Görüntülediğiniz mahkeme kararı kesinleşmiş bir karardır.

T.C.
İSTANBUL
BÖLGE ADLİYE MAHKEMESİ
13. HUKUK DAİRESİ
DOSYA NO: 2021/2169 Esas
KARAR NO: 2021/1790 Karar
T Ü R K M İ L L E T İ A D I N A
B Ö L G E A D L İ Y E M A H K E M E S İ K A R A R I
İNCELENEN KARARIN
MAHKEMESİ: İSTANBUL 14. ASLİYE TİCARET MAHKEMESİ
TARİHİ: 21/09/2021 Tarihli Ara Karar
NUMARASI: 2021/589 Esas
DAVANIN KONUSU: Ticari Şirket (Ortaklıktan Çıkma Veya Çıkarılmaya İlişkin)
KARAR TARİHİ: 08/12/2021
İlk derece Mahkemesinde yapılan inceleme sonucunda verilen karara karşı istinaf kanun yoluna başvurulmuş olmakla dava dosyası incelendi:
TARAFIN İDDİASININ ÖZETİ: Davacı vekili dava dilekçesi ile,müvekkillerinin davalı şirketin ortağı olduğunu, dava dışı ortak …’ın, münferit yetki ile donatılmış müdür olup, müvekkillerinin şirketin faaliyetleri hakkında bilgilendirilmediğini, müvekkillerinin tüm iletişim çabalarının sonuçsuz kaldığını, ortaklığın sağlıklı seyri açısından gerekli olan güven duygusunun, davacı müvekkilleri ve diğer ortak olan şirket müdürü arasında kalmadığını, müvekkillerine kar payının verilmediğini, defter ve belgelerin incelenmesine müsaade edilmediğini, bu haklı sebeplerle şirketten çıkmak istediklerini, ortaklık ilişkisi müvekkilleri için dayanılmaz bir hal aldığını, şirketin dava dışı ortağı ve müdürü ile müvekkillerinin yaşadıklarının adli makamlara da yansıdığını, bir çok hukuki uyuşmazlık bulunduğunu, bu sebeplerle ortaklık ilişkisinin sürdürülemeyeceğinin açık olduğunu, işbu nedenlerle müvekkillerinin ayrılma akçesi ve kar paylarına ilişkin talep hakları saklı kalmak kaydıyla, öncelikle tedbir mahiyetinde olmak üzere dava süresince müvekkillerin ortaklıktan kaynaklanan tüm hak ve borçlarının dondurulmasına/durdurulmasına karar verilmesini, müvekkillerinin davalı şirket ortaklığından çıkmasını, yargılama giderleri ve vekalet ücretinin davalı tarafa yükletilmesine karar verilmesini talep ve dava etmiştir.
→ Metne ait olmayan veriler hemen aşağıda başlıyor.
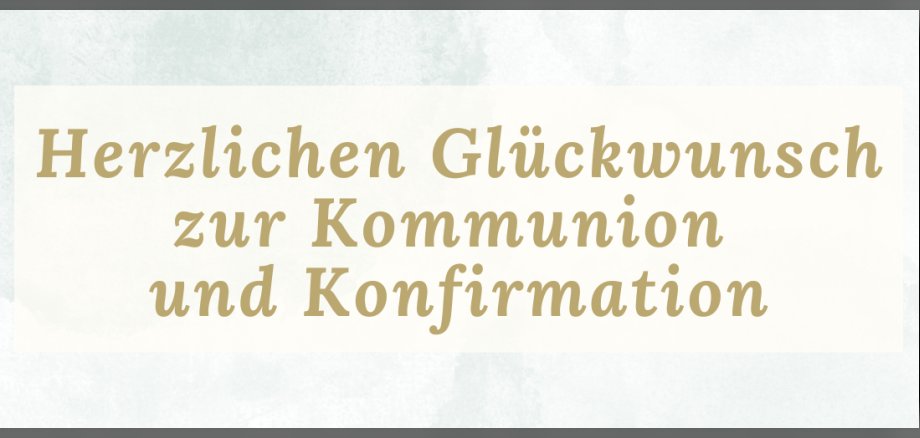 Kommunion und Konfirmation Das Bild zeigt einen Text auf Deutsch, der "Herzlichen Glückwunsch zur Kommunion und Konfirmation" lautet. Der Text ist in einer goldenen Schrift auf einem hellen, rechteckigen Hintergrund platziert. Der äußere Bereich des Bildes hat einen hellblauen oder mintgrünen, aquarellartigen Hintergrund.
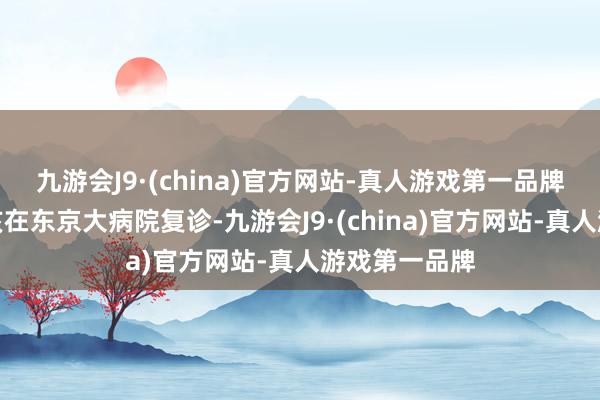 九游会J9·(china)官方网站-真人游戏第一品牌这个技巧应该在东京大病院复诊-九游会J9·(china)官方网站-真人游戏第一品牌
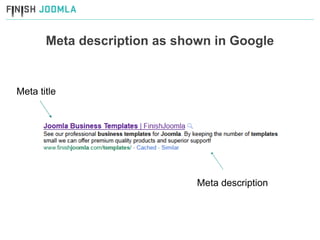 Meta description as shown in Google Meta title Meta description 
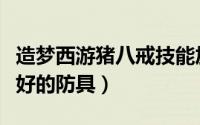造梦西游猪八戒技能加点（造梦西游猪八戒最好的防具）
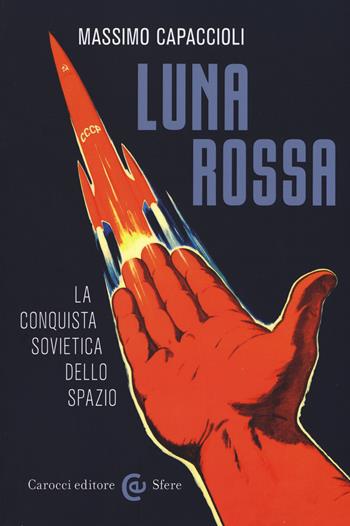 Luna rossa. La conquista sovietica dello spazio - Massimo Capaccioli - Libro Carocci 2019, Le sfere | Libraccio.it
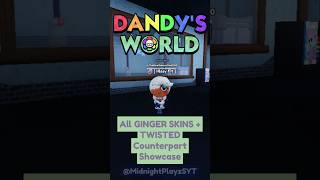 Dandy's World: All GINGER SKINS + TWISTED Counterpart Showcase 🧡 🍪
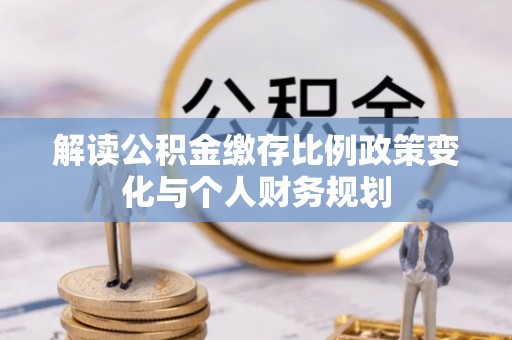 霍邱解读公积金缴存比例政策变化与个人财务规划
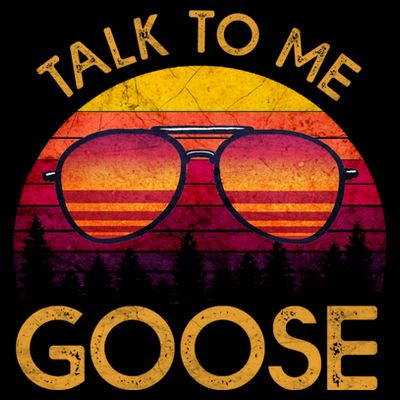 Talk To Me Goose T-Shirt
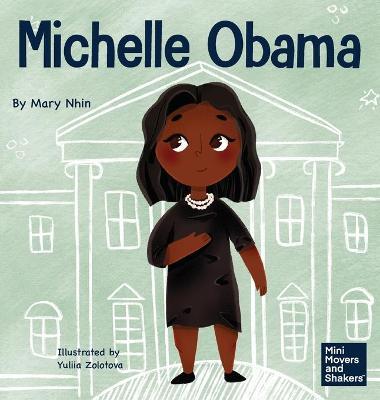 Michelle Obama: A Kid's Book About Turning Adversity into Advantage - Mary Nhin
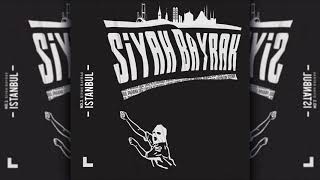 No.1 - İstanbul (Official Audio) #SiyahBayrak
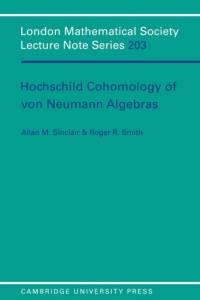Hochschild Cohomology of Von Neumann Algebras av Allan M. (University of Edinburgh) Sinclair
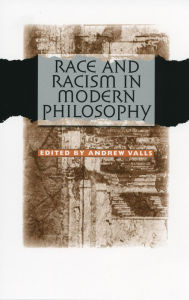 Title: Race and Racism in Modern Philosophy / Edition 1, Author: Andrew Valls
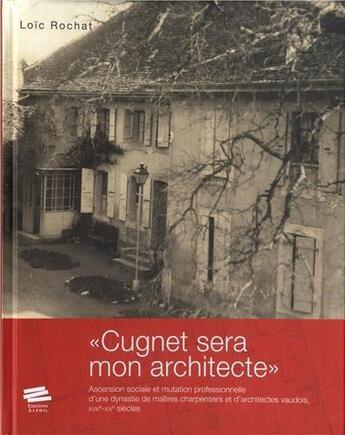 Couverture du livre « «Cugnet sera mon architecte» : Ascension sociale et mutation professionnelle d'une dynastie de maîtres charpentiers et d'architectes vaudois, XVIIIe-XIXe siècles » de Rochat Loic aux éditions Alphil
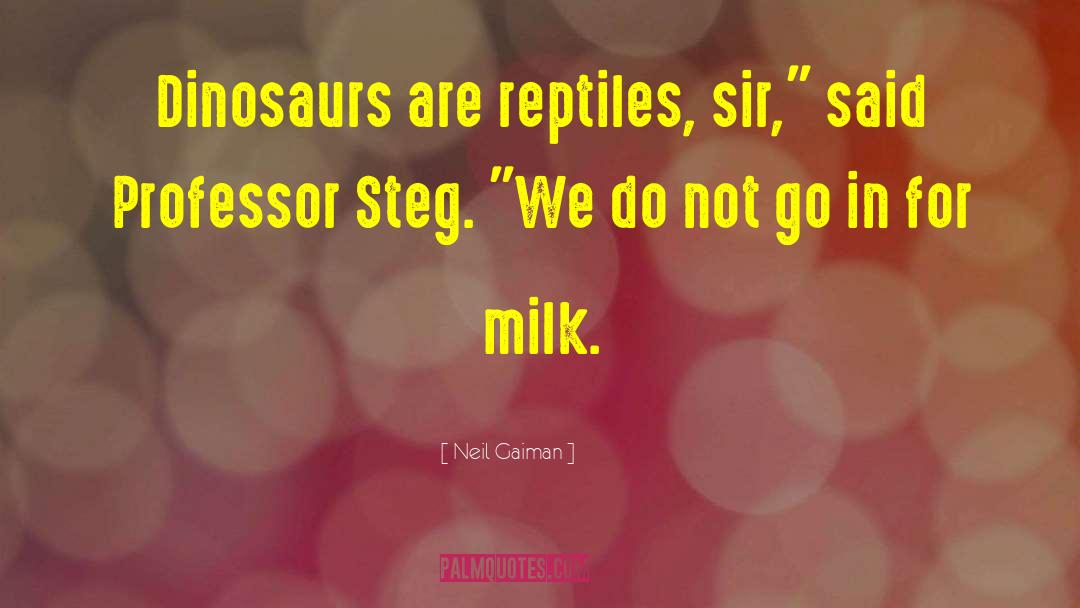 Reptiles quotes by Neil Gaiman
İLK DERECE MAHKEMESİ ARA KARARININ ÖZETİ: İlk Derece Mahkemesi 21/09/2021 tarih ve 2021/589 Esas sayılı ara kararında; “…İhtiyati tedbire esas olan hakkın iyi belirlenmesi gerekir. Taraflar arasında çekişmeli olan şey veya yargılama konusunu oluşturan hak, aynı zamanda tedbirin konusu hakkı da oluşturacaktır. Kanun, “uyuşmazlık konusu hakkında” diyerek bu hususa vurgu yapmıştır (m. 389/1). Ancak, özellikle dikkat edilmesi gereken husus, diğer geçici hukuki korumaların alanına giren konularda ihtiyati tedbire karar verilmemesidir. Bu sebeple, para alacakları konusunda özel ve istisnai durumlar dışında asıl geçici hukuki koruma ihtiyati hacizdir. Keza, diğer özel hükümlerde açıkça farklı bir geçici hukuki korumadan bahsedilmişse, bu durumda da o çerçevede bir karar verilmeli, ihtiyati tedbir kararı verilmemelidir (Pekcanıtez/Atalay/Özekes, a.g.e., s. 877). Somut durumda dava dilekçesi incelendiğinde; bu hali ile yaklaşık ispat yerine getirilmediğinden …”gerekçesi ile, İhtiyati tedbir talebinin REDDİNE, karar verilmiş ve karara karşı davacılar vekili tarafından istinaf başvurusunda bulunulmuştur.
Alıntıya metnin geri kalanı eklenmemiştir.